- Opening Delimiter -
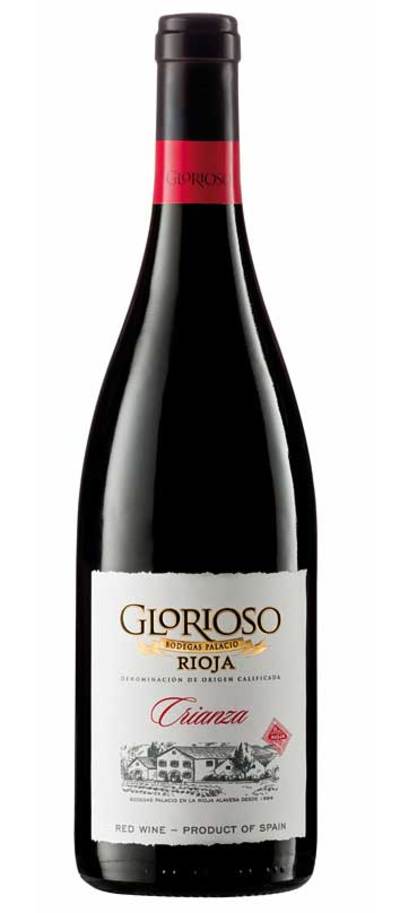 Glorioso 2012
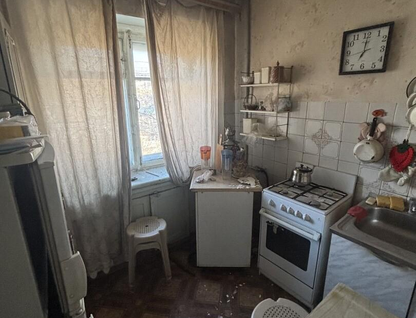 2-к. квартира, 42,1&nbsp;м²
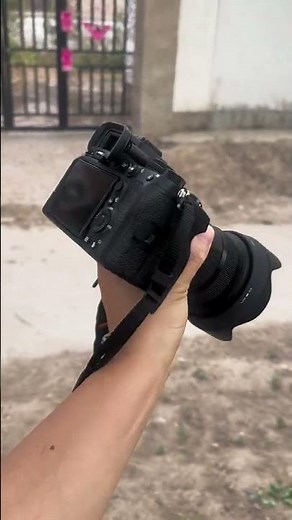 Sony a73 camera best body best lens 📸👌👍😀❤️🤯🔥✅👑😎 #camera #video #music #Sony #dji #Samsung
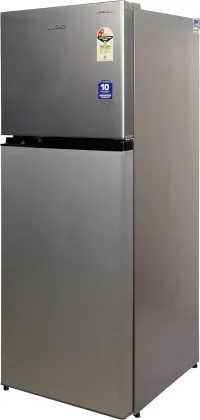 Lloyd GLFF272AMST1GC 240 L 2 Star Double Door Refrigerator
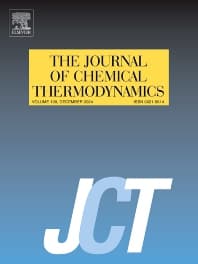 The Journal of Chemical Thermodynamics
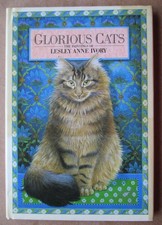 Glorious Cats: The Paintings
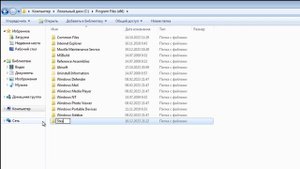 Как запустить Steam в Windows 7, если пишет ошибку "Steam невозможно запустить"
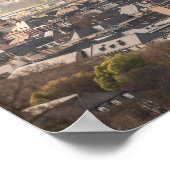 コブレンツドイツ ポスター (角)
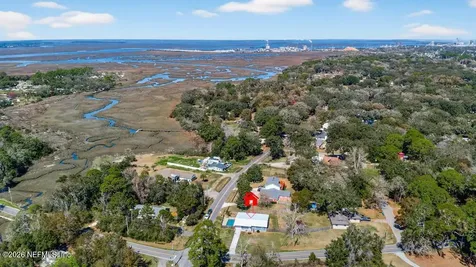 703 Bonnieview Road Fernandina Beach FL 32034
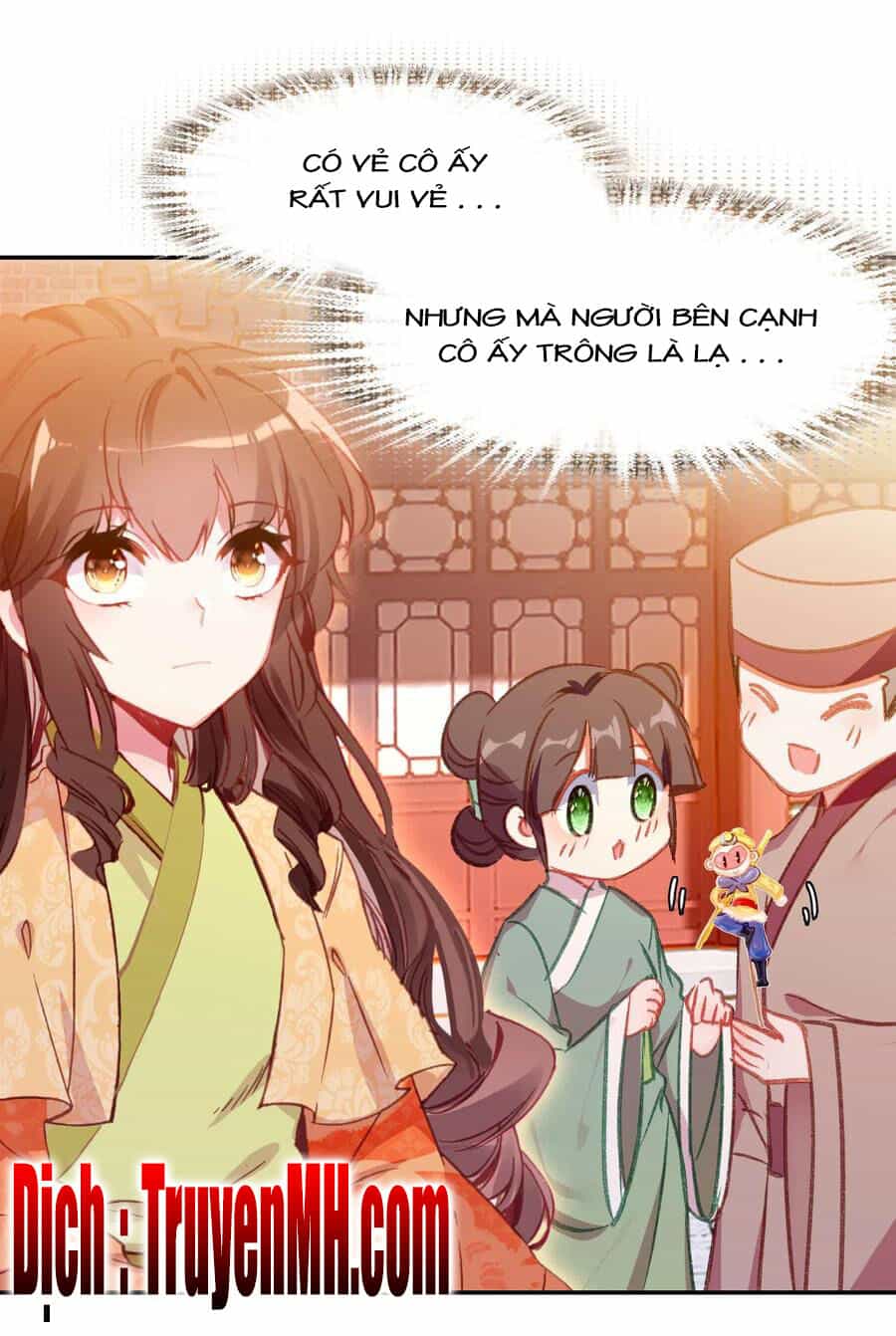 Gả Cho Một Tên Thái Giám Đáng Ghét - Chương 147 - ảnh 17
- Closing Delimiter -
- _Required work_
Although the records contain pictures, the copy should consist of their text alone, reproduced exactly.

- _Answer section_
 Glorioso 2012
 2-к. квартира, 42,1&nbsp;м²
 Sony a73 camera best body best lens 📸👌👍😀❤️🤯🔥✅👑😎 #camera #video #music #Sony #dji #Samsung
 Lloyd GLFF272AMST1GC 240 L 2 Star Double Door Refrigerator
 The Journal of Chemical Thermodynamics
 Glorious Cats: The Paintings
 Как запустить Steam в Windows 7, если пишет ошибку "Steam невозможно запустить"
 コブレンツドイツ ポスター (角)
 703 Bonnieview Road Fernandina Beach FL 32034
 Gả Cho Một Tên Thái Giám Đáng Ghét - Chương 147 - ảnh 17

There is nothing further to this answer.